Sagan, Colette, Beauvoir, Bardot, Chanel… - certaines croisées dans l’imposant Dictionnaire universel des créatrices récemment publié aux éditions des Femmes (1) - côtoient des échevelées plus obscures : Coccinelle, "née femme avec un sexe d’homme", Marguerite de Porete "clergesse laïque" brûlée le 1er juin 1310 en place de Grève, Valtesse de la Bigne… Nombre d’entre elles partagent la caractéristique d’avoir repoussé les frontières de leur sexe, comme Christine de Suède qui "en rendant les distinctions indistinctes troubl[ait] le genre".

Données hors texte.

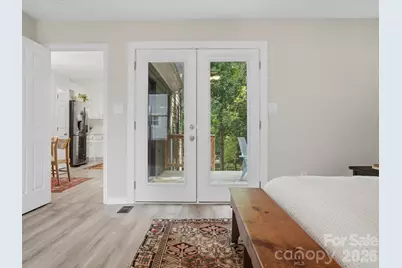 2765 Stockwood Drive, Gastonia, NC 28056 - Photo 25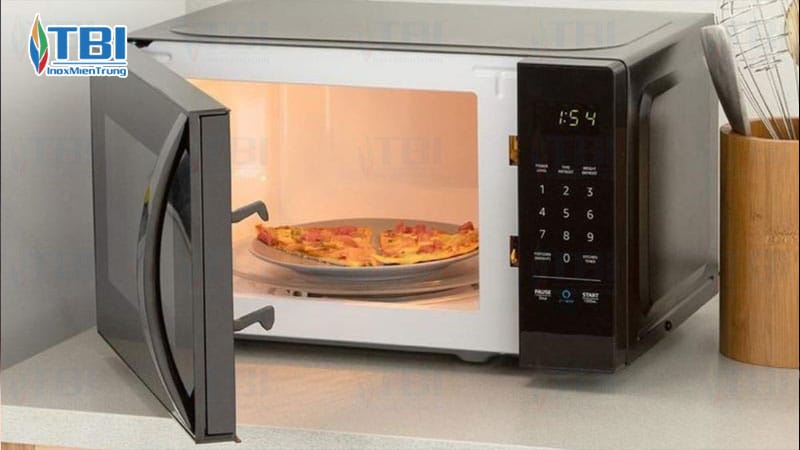 Nhung-luu-y-khi-lap-dat-lo-nuong-inoxmientrung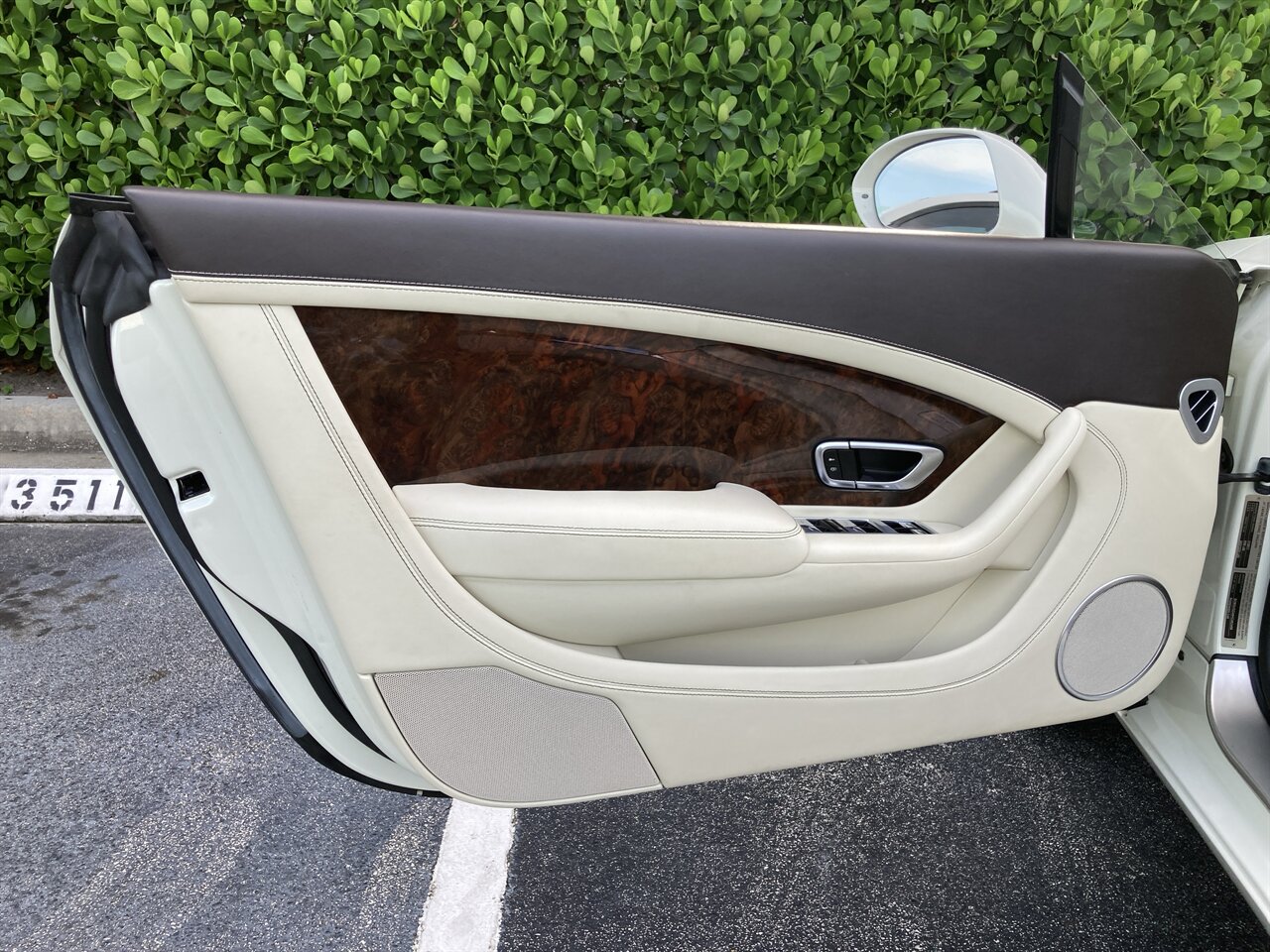 2017 Bentley Continental GT - Photo 29 - Stuart, FL 34997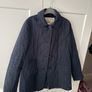 Jack Wills jacket size uk 8 Image 2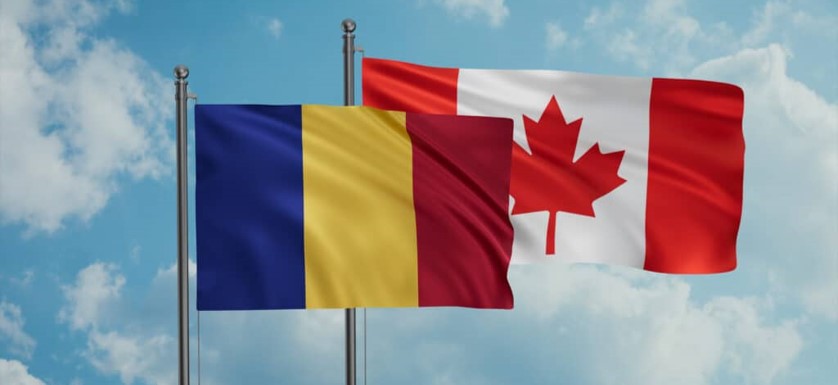 Canada and Romania: Local Contexts, Global Lessons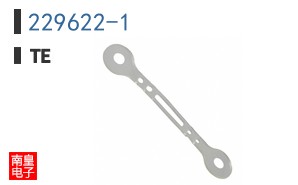 229622-1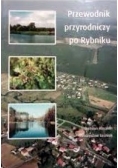 Przewodnik przyrodniczy po Rybniku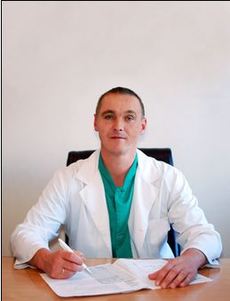 Луганская республиканская клиническая больница лнр. Хирурги в луганске. Больница луганск раненые. Хирурги клиники сигма. Хирурги в луганске.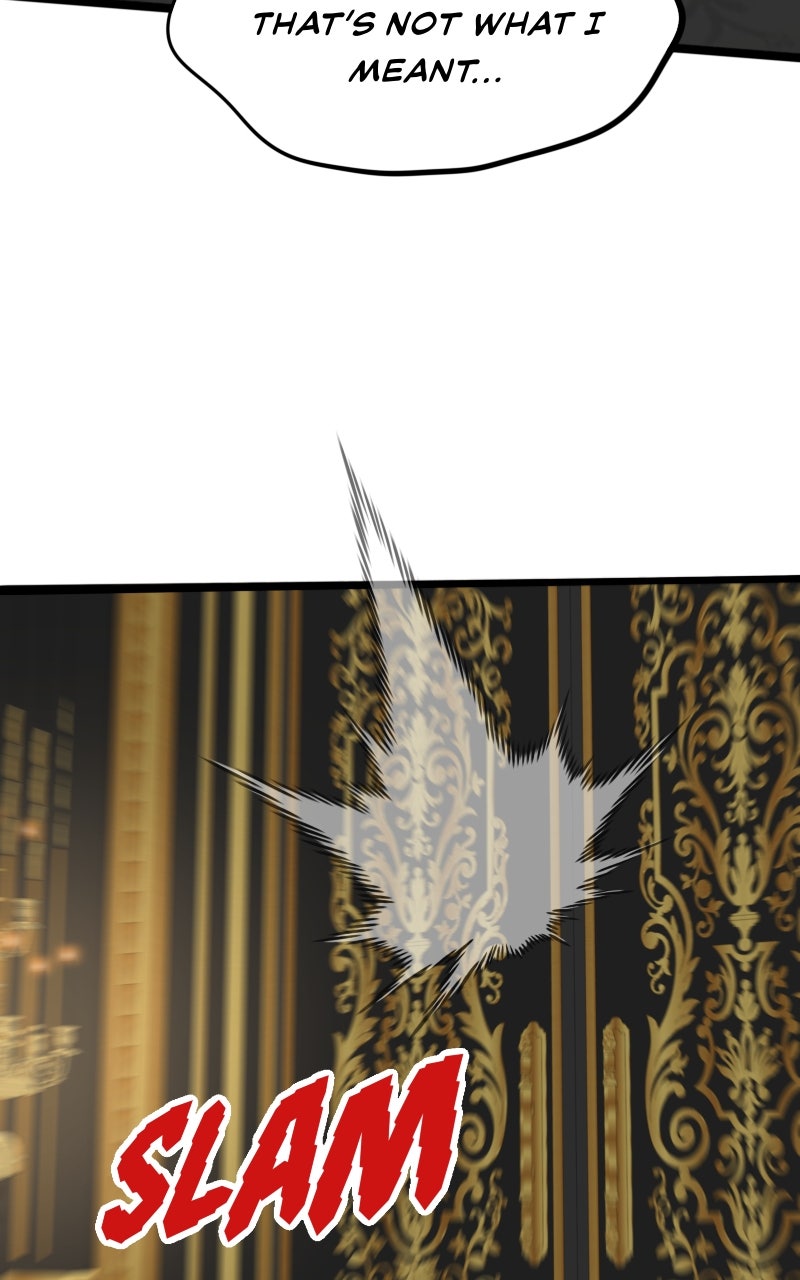 Read Osora EN Manga Online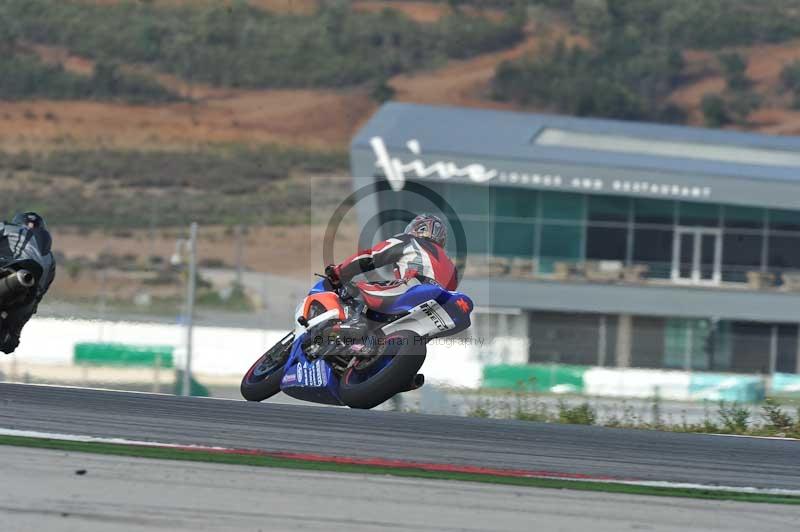 march 2012;motorbikes;no limits;peter wileman photography;portimao;portugal;trackday digital images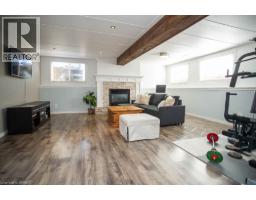 48 Nightingale Drive, Brantford, ON N3T0G3 Photo 22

Eli Flory ne se contente pas de rédiger de sèches notices biographiques mais offre à ces femmes de véritables compliments élégamment tournés, façon chanson de geste, ponctués par les illustrations de Vaïnui de Castelbajac, où chacune de ces glorieuses est associée à un objet totem ou à un élément fétiche qui signent leur identité : le mobilier pornographique de Catherine II de Russie, le lit à baldaquin de Frida Kahlo, le répertoire de Grisélidis Réal, la salamandre de Zelda Fitzgerald ou la Dyane rouge de Gabrielle Russier, coupable d’avoir aimé un garçon qui n’était pas de son âge et qui, avant d’ouvrir le gaz, a télégraphié à son avocat ces derniers mots : "Merci. Vive le soleil. Antigone." V. R
(1) Voir LH 973, du 8.11.2013, p. 55.